→ THE RECORDS:
####################

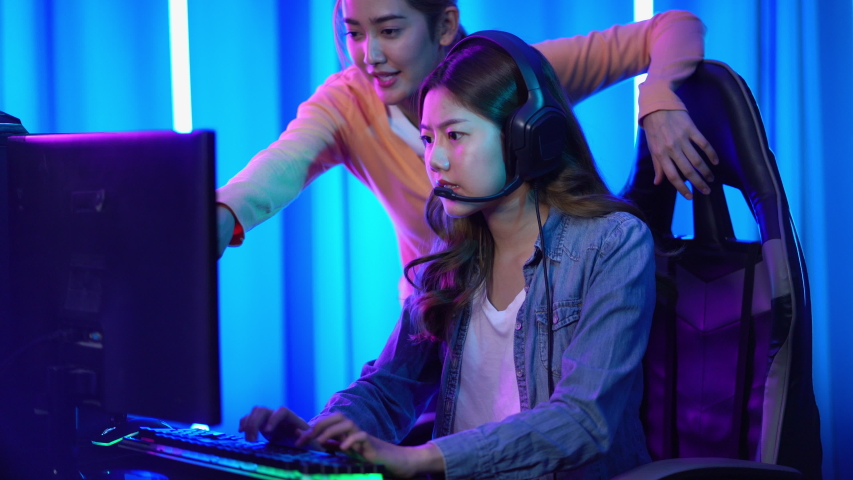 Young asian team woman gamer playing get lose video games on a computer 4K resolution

####################

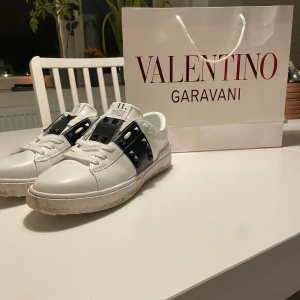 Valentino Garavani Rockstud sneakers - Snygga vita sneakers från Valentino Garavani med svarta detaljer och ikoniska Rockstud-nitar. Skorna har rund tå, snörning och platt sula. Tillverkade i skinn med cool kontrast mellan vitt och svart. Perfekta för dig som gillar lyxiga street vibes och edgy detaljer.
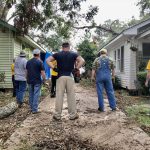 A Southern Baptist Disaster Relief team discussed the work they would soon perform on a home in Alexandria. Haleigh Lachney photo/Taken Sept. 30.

####################

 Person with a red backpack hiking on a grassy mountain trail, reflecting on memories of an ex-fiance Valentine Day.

####################

→ WHAT IS BEING ASKED:
Among the entries above, copy exactly the stretch from the line holding "Valentino Garavani Rockstud" through the line holding "A Southern Baptist", leaving out any pictures.

→ COMPLETED EXERCISE:
 Valentino Garavani Rockstud sneakers - Snygga vita sneakers från Valentino Garavani med svarta detaljer och ikoniska Rockstud-nitar. Skorna har rund tå, snörning och platt sula. Tillverkade i skinn med cool kontrast mellan vitt och svart. Perfekta för dig som gillar lyxiga street vibes och edgy detaljer.
 A Southern Baptist Disaster Relief team discussed the work they would soon perform on a home in Alexandria. Haleigh Lachney photo/Taken Sept. 30.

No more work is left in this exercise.